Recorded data
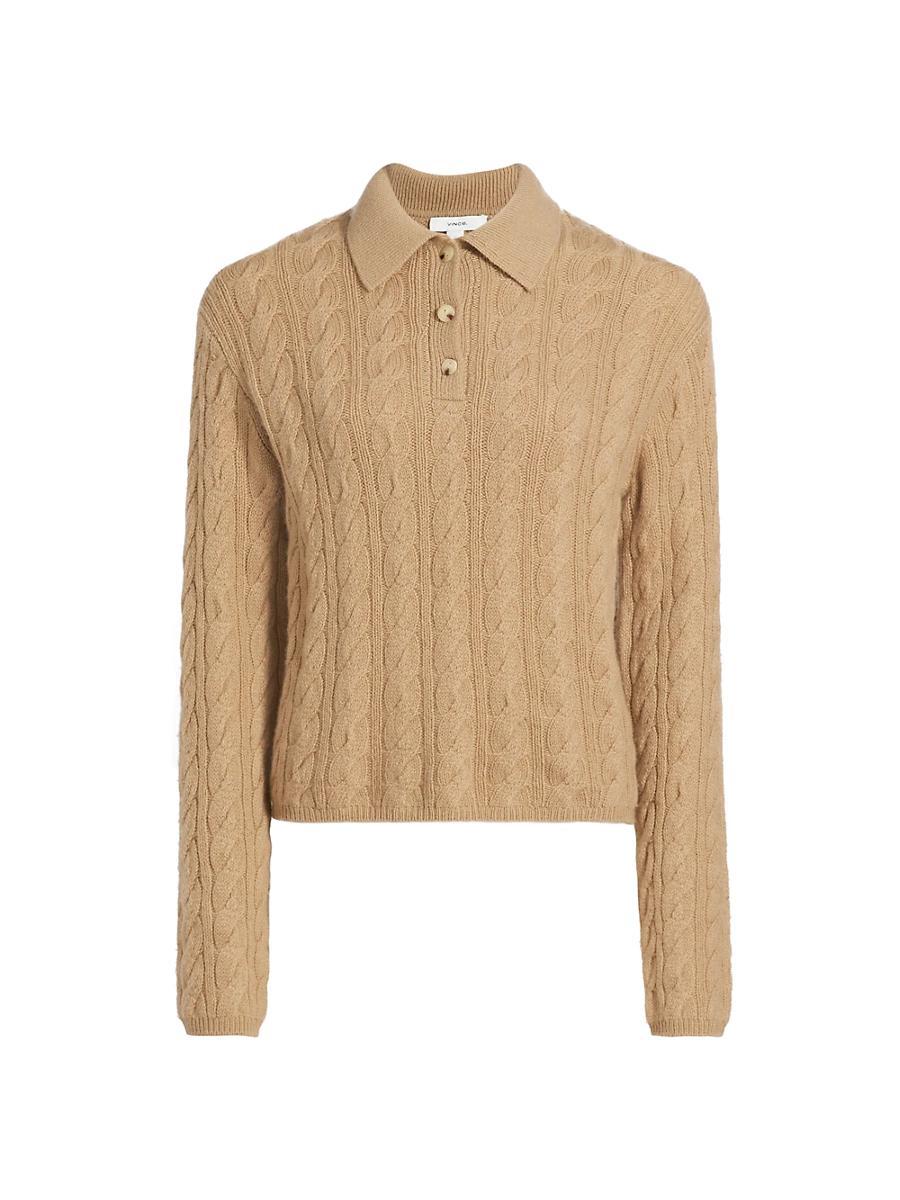 Womens Wool & Cashmere Cable-Knit Polo Sweater Product Image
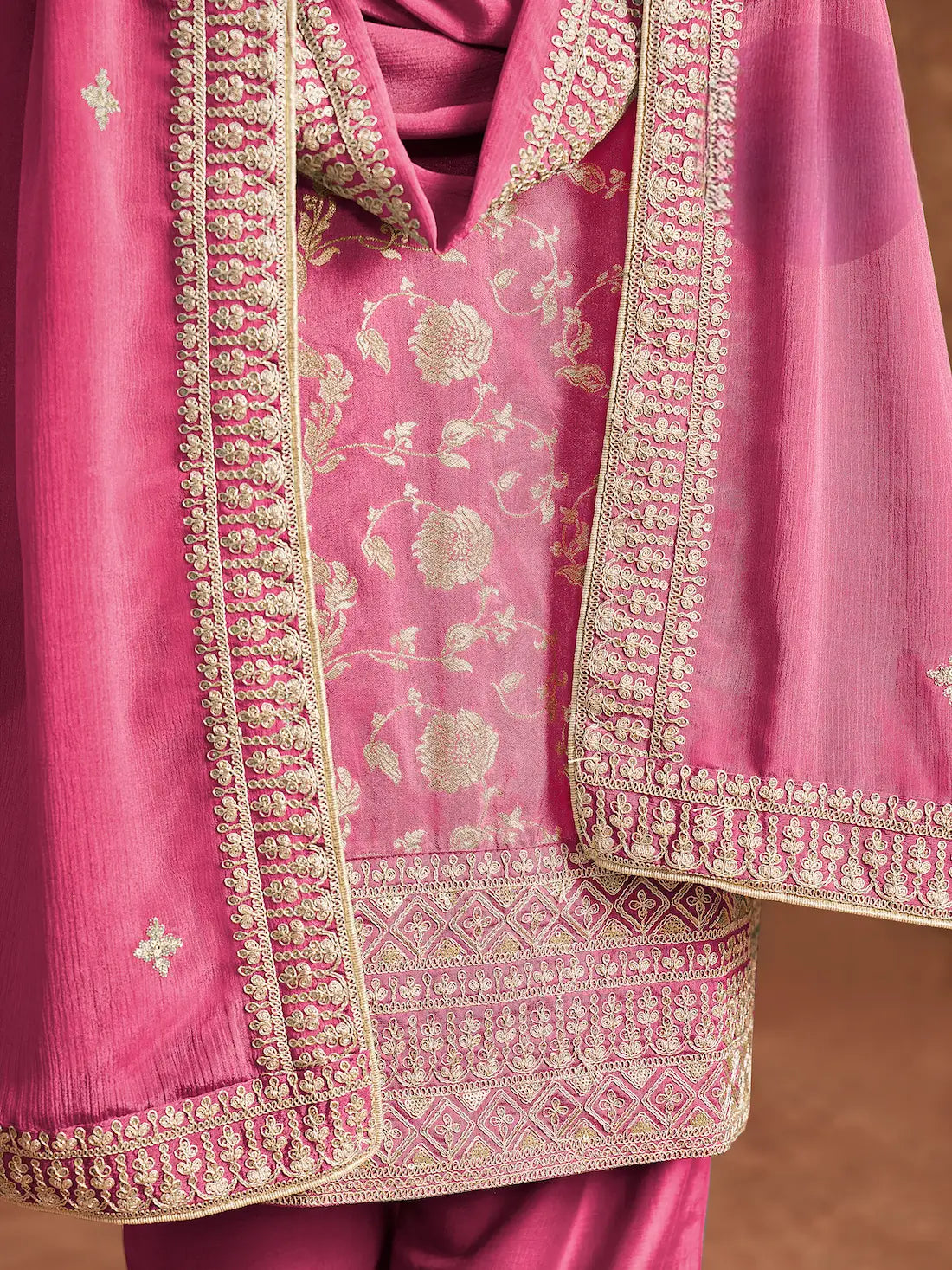 Pink Dola Silk Palazzo Salwar Suit With Thread & Sequins Embroidery Work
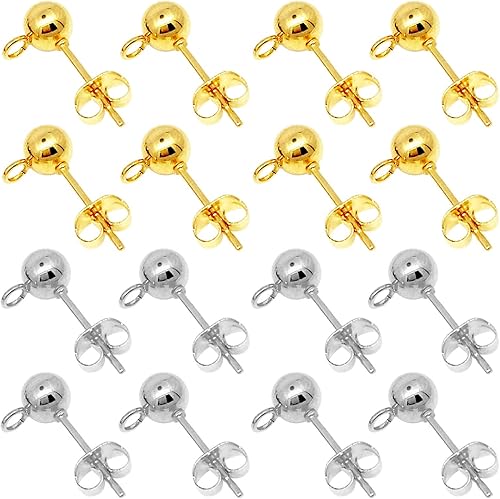 Juego de 700 aretes de bola para hacer joyas, 300 aretes de bola, aretes de bola con lazo con 400 aretes de mariposa de repuesto para hacer joyas de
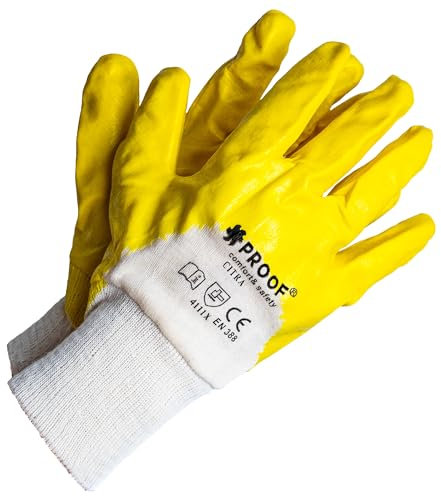 PROOF COMFORT & SAFETY - Gants de travail CITRA, Gants en coton avec revêtement en nitrile jaune, 12 paires en taille 7, de protection résistantsà l'huile et à la graisse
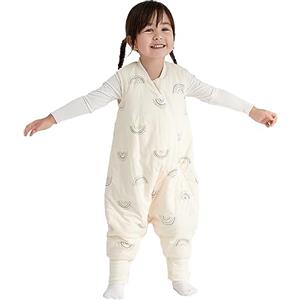 Duomiaomiao 2.5 TOG Sacco a pelo con piedi invernale，100% cotone，Sacco nanna per Bambini（Arcobaleno/2-3 anni）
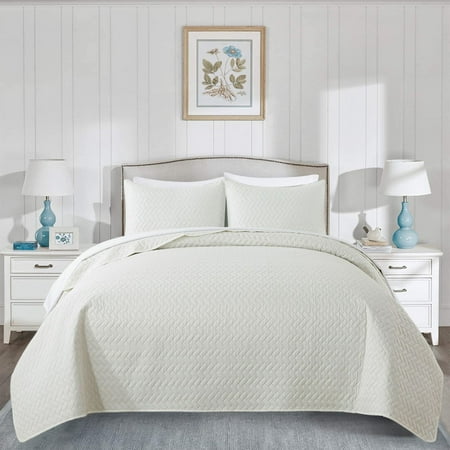 JML 3 Piece Quilt Set Queen Size,Soft Microfiber Lightweight Coverlet Bedspread,88"x 92"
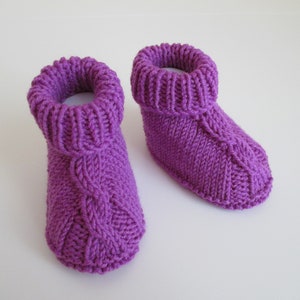 knitted purple wool baby shoes 3-6 months image 3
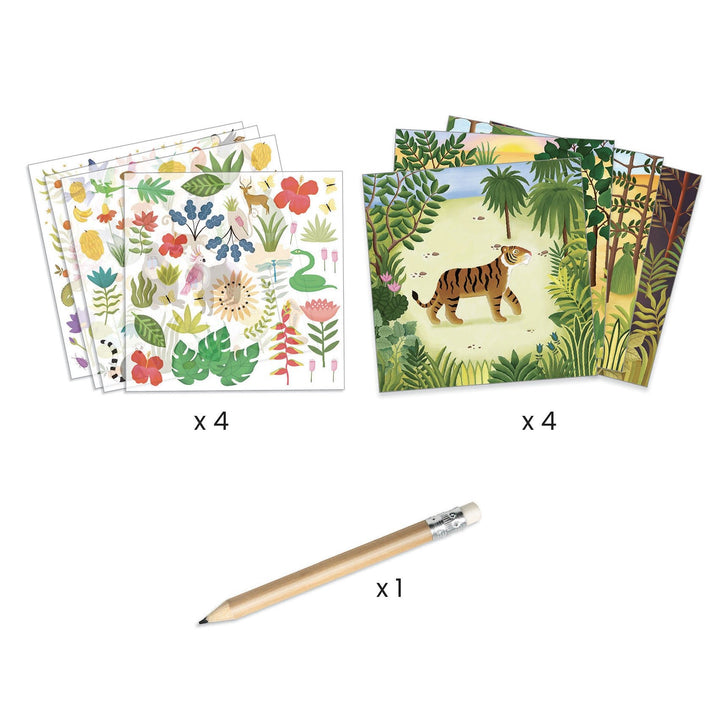 Djeco | Create with Stickers | Inspired by | Douanier Rousseau | 5 - 99 jaar - Kleine Eland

Problem statement:
Leave every picture out, and repeat exactly the lines from the one containing "Pink Dola Silk" through the last line of the entries, both ends included.

Result of the task:
 Pink Dola Silk Palazzo Salwar Suit With Thread & Sequins Embroidery Work
 Juego de 700 aretes de bola para hacer joyas, 300 aretes de bola, aretes de bola con lazo con 400 aretes de mariposa de repuesto para hacer joyas de
 PROOF COMFORT & SAFETY - Gants de travail CITRA, Gants en coton avec revêtement en nitrile jaune, 12 paires en taille 7, de protection résistantsà l'huile et à la graisse
 Duomiaomiao 2.5 TOG Sacco a pelo con piedi invernale，100% cotone，Sacco nanna per Bambini（Arcobaleno/2-3 anni）
 JML 3 Piece Quilt Set Queen Size,Soft Microfiber Lightweight Coverlet Bedspread,88"x 92"
 knitted purple wool baby shoes 3-6 months image 3
 Djeco | Create with Stickers | Inspired by | Douanier Rousseau | 5 - 99 jaar - Kleine Eland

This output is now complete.